В конце XIX — начале XX в. судьба Джорджоне и его наследия прочно ассоциировалась с темами утраты и развоплощения, проходящими лейтмотивом через весь текст «Египетской марки»[416]. Жизнь и труды венецианского художника скудно документированы: на недостаток сведений о нем жаловался уже Вазари. Отсутствие точных сведений вкупе с большим спросом породили массу ложных атрибуций: когда в последней трети XIX в. новое искусствоведение занялось их верификацией, результаты были ошеломляющими: из сотни картин, приписанных к тому времени Джорджоне, девять десятых были переатрибутированы художникам, испытавшим на себе его влияние; признанные шедевры «ушли» к его ученикам, Тициану и Себастьяну дель Пьомбо.
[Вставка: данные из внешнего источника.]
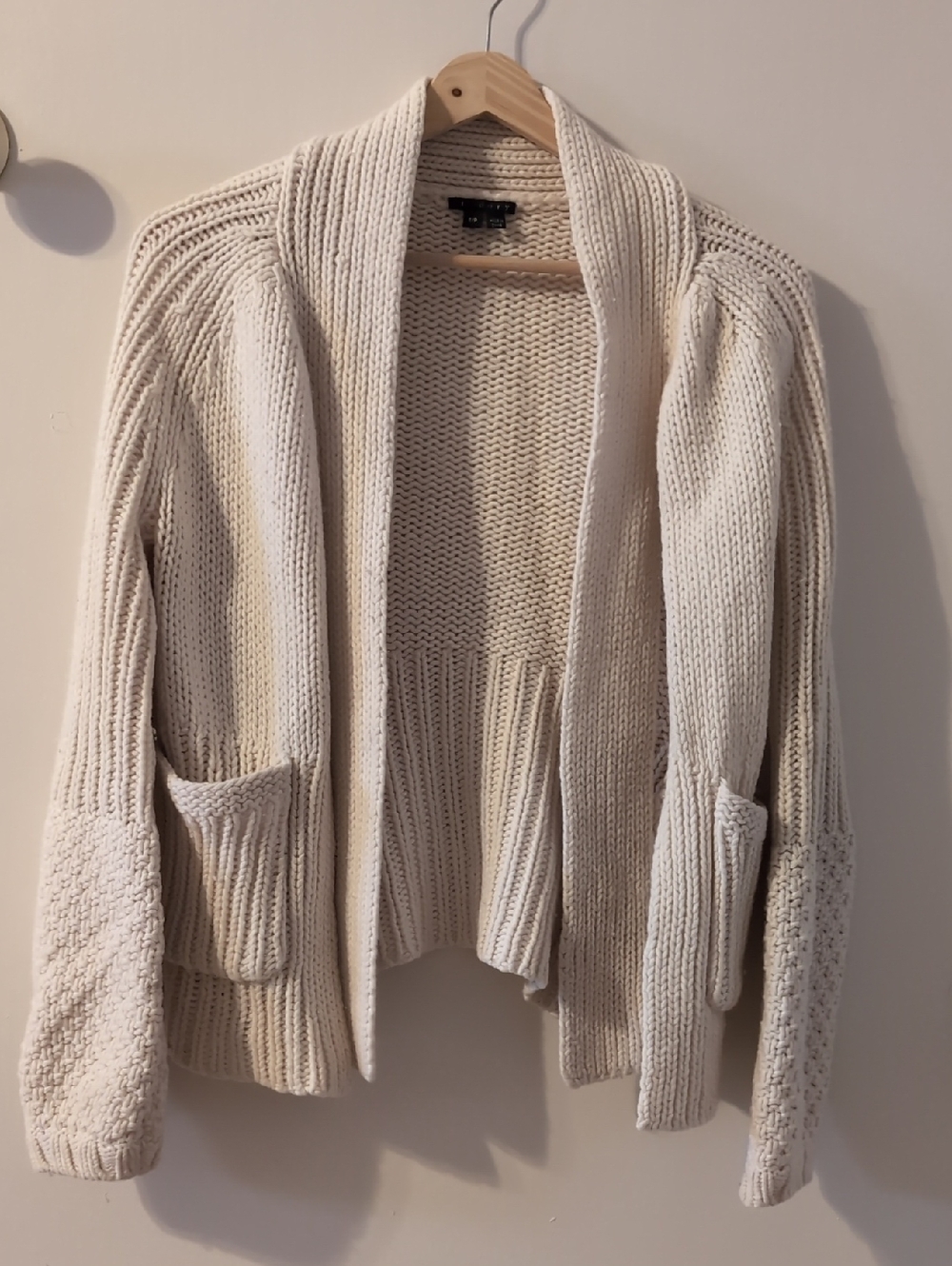 Theory Cream Tie-Front Rib & Chunky Knit Cardigan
В спорах вокруг наследия Джорджоне сформировалось две крайних точки зрения: пуристы были близки к тому, чтобы объявить художника «фигурой фикции»; поклонники подчеркивали силу его влияния на венецианское Возрождение. Двойственный ореол, окруживший в итоге эту фигуру, выразительно обрисован в романе Д’Аннунцио «Пламя»:
Он представляется мне скорее мифом, нежели живым человеком. Никакой другой поэт на земле не имел судьбу, равную его судьбе. О нем ничего не известно; иные даже отрицают его существование. Его имя не начертано ни на одном произведении; иные не приписывают ему ни одного несомненного творения. И тем не менее все венецианское искусство как бы зажжено его откровением…[417]
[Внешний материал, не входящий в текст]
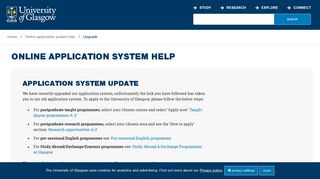 University of Glasgow - Online application system help - Upgrade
Русскому читателю начала XX в. было доступно немало описаний странной судьбы Джорджоне. Первым из них следует упомянуть очерк блестящего английского искусствоведа Вальтера Патера «Школа Джорджоне» (1877; русский перевод: 1912[418]). Обладавший незаурядным писательским даром, Патер сумел так убедительно воссоздать ускользающий облик художника и музыкальную атмосферу его картин, окружив их меланхолической атмосферой утраты, что под обаяние его реконструкции подпали многие поколения знатоков и любителей искусства. А. Н. Бенуа в своей «Истории живописи» (1913) развил трактовку Патера, введя в нее мотив соперничества между хрупким и надмирным Джорджоне и его витальным и переимчивым учеником Тицианом, который сумел заслонить своего учителя-новатора. В «Венецианском эпилоге» к «Образам Италии» (1924)[419] Муратов дополнил взгляд Патера подробным рассказом об основных этапах «деконструкции» наследия Джорджоне.